(Stored data entries)
┌────────

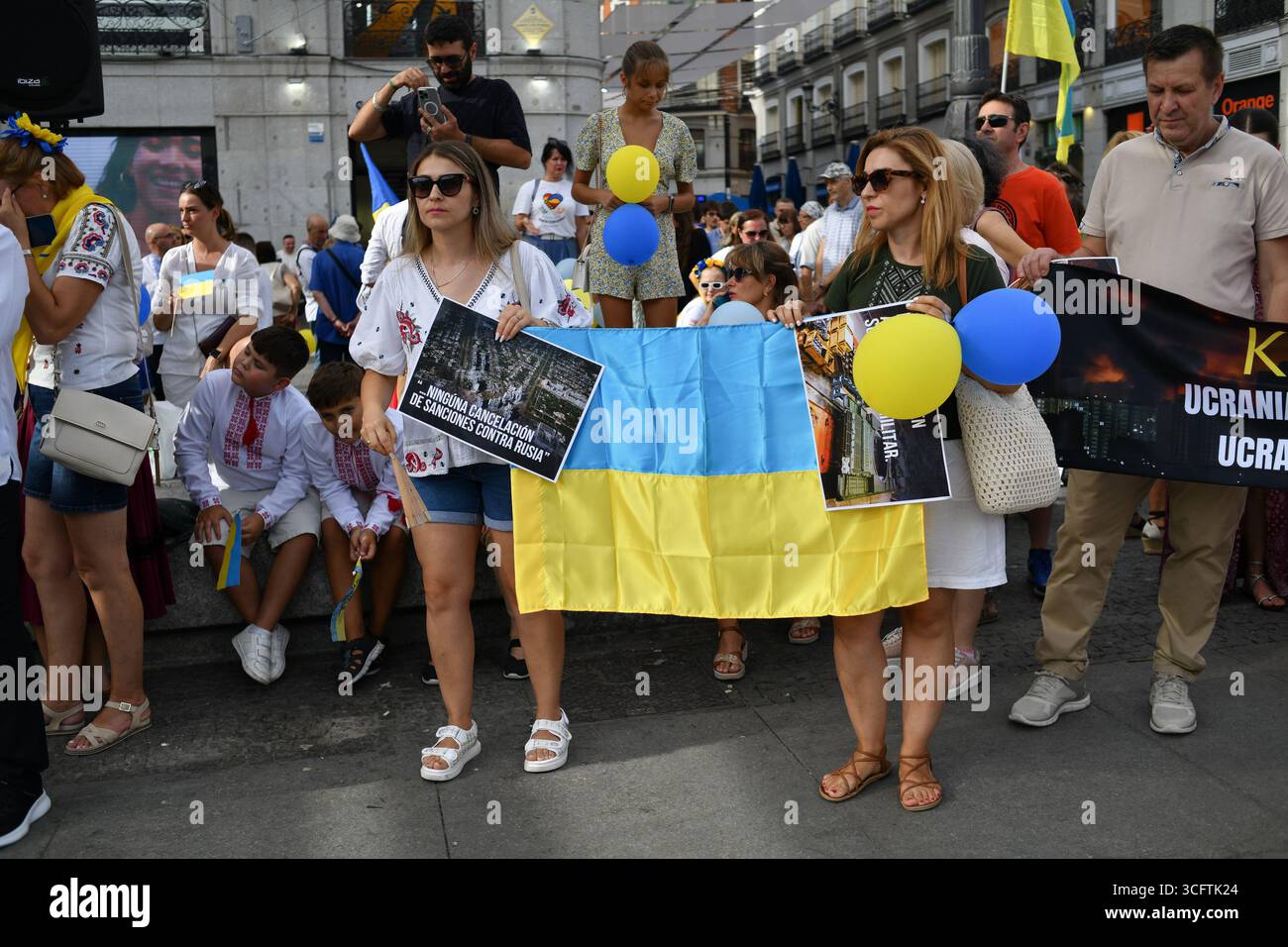 Manifesters während eines Protestes anlässlich des Unabhängigkeitstages der Ukraine, die Ukraine nicht feiert, widersetzt er sich in der Puerta del Sol. Madrid, August Stockfoto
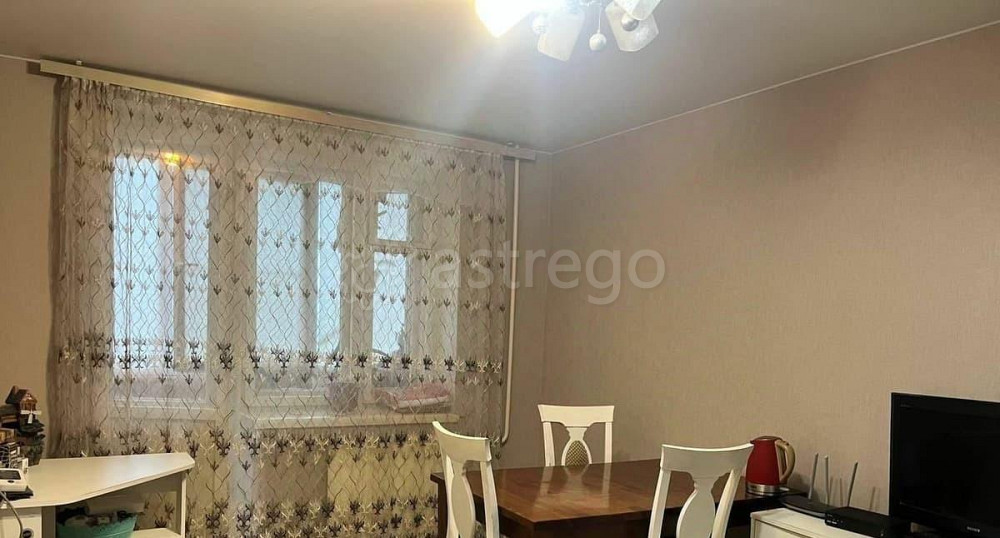 Комната, 233 м2, 11/16 эт. Санкт-Петербург - изображение 1
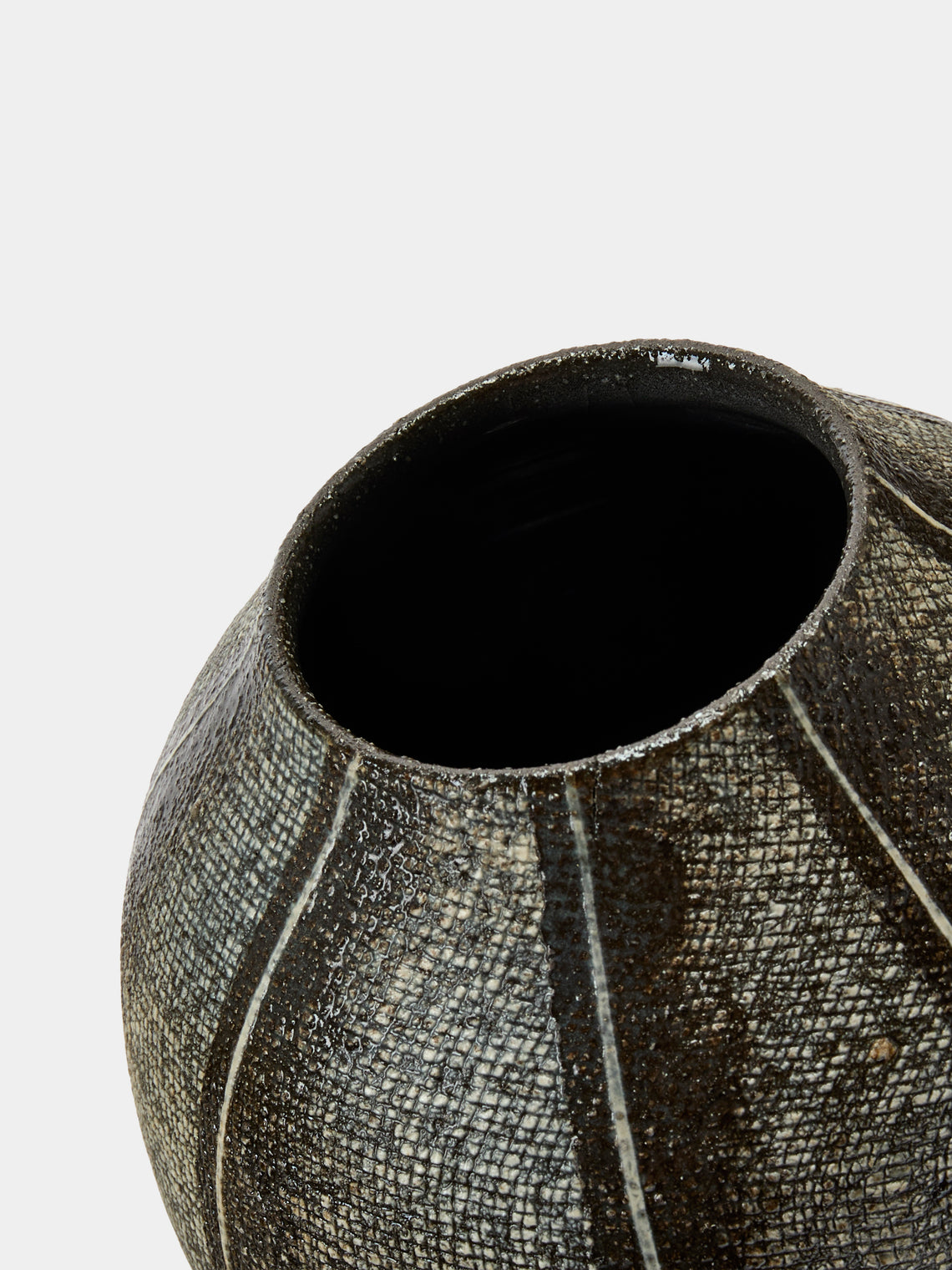 Masumi Ando - Textured Ceramic Vase (10.5in/26.5cm) - Gray - ABASK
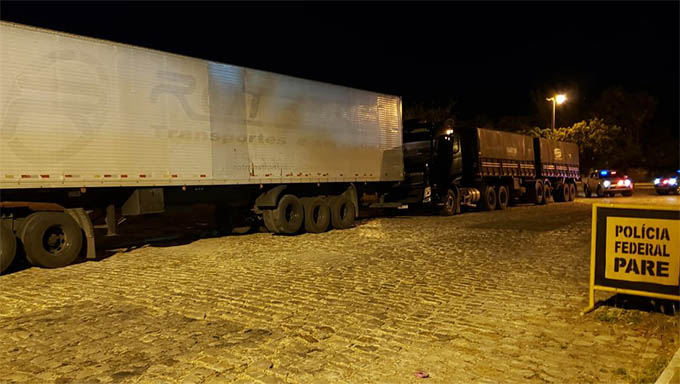   As duas carretas carregadas de cigarros de origem ilícita foram conduzidas para a sede da Polícia Federal, em Mossoró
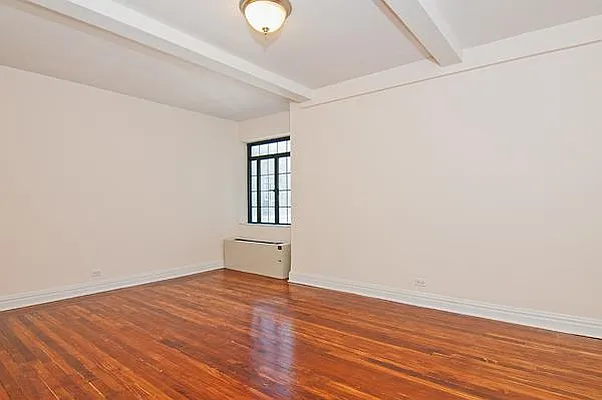 Sold by Sumitomo Real Estate Sales | media 11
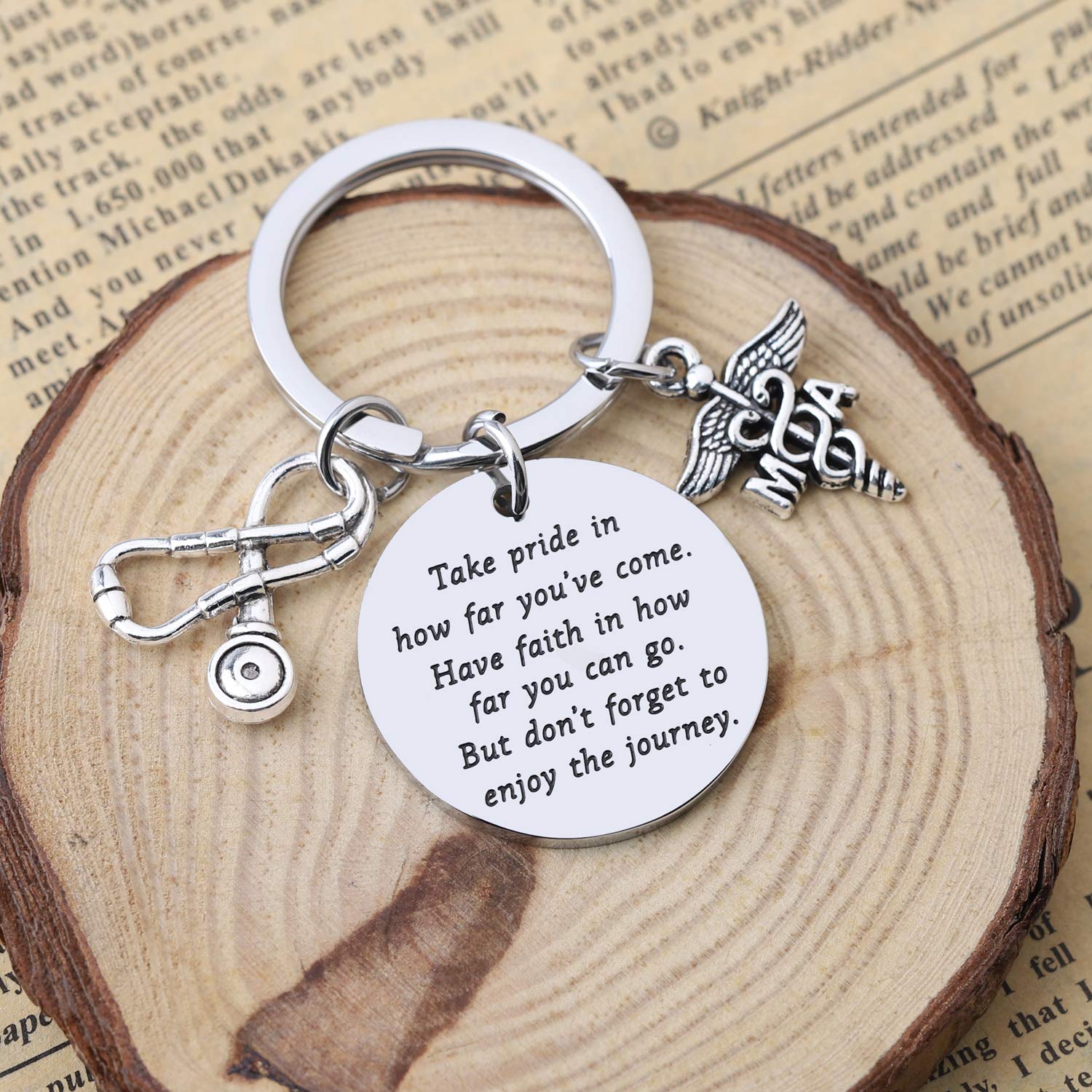 FUSTMW Medical Assistant Graduation Gift Keychain - Engraved MA Appreciation Present for Nurses & Healthcare Professionals - Perfect for Clinicals, White Coat Ceremonies & Nursing School Graduation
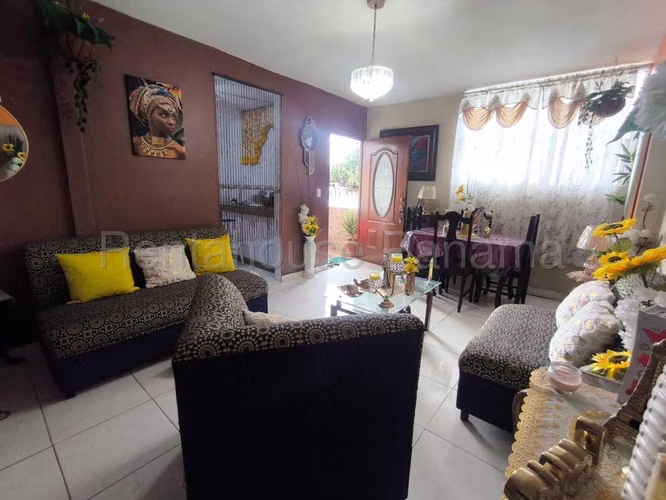 Se Vende Apartamento en Llano Bonito DPA27-588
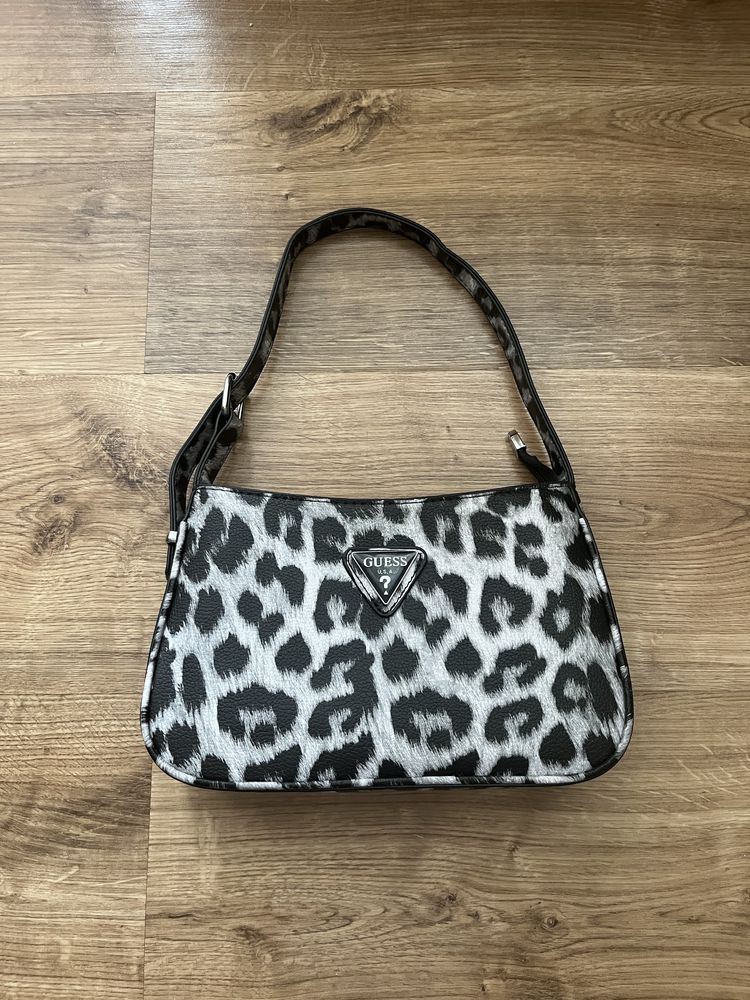 Сумка,багет Guess лео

└────────

*Task objective*: Copy word for word only the lines above from the one with "Masumi Ando - Textured" through the one with "Sold by Sumitomo". Leave pictures out.

*Reply*:
 Masumi Ando - Textured Ceramic Vase (10.5in/26.5cm) - Gray - ABASK
   As duas carretas carregadas de cigarros de origem ilícita foram conduzidas para a sede da Polícia Federal, em Mossoró
 Sold by Sumitomo Real Estate Sales | media 11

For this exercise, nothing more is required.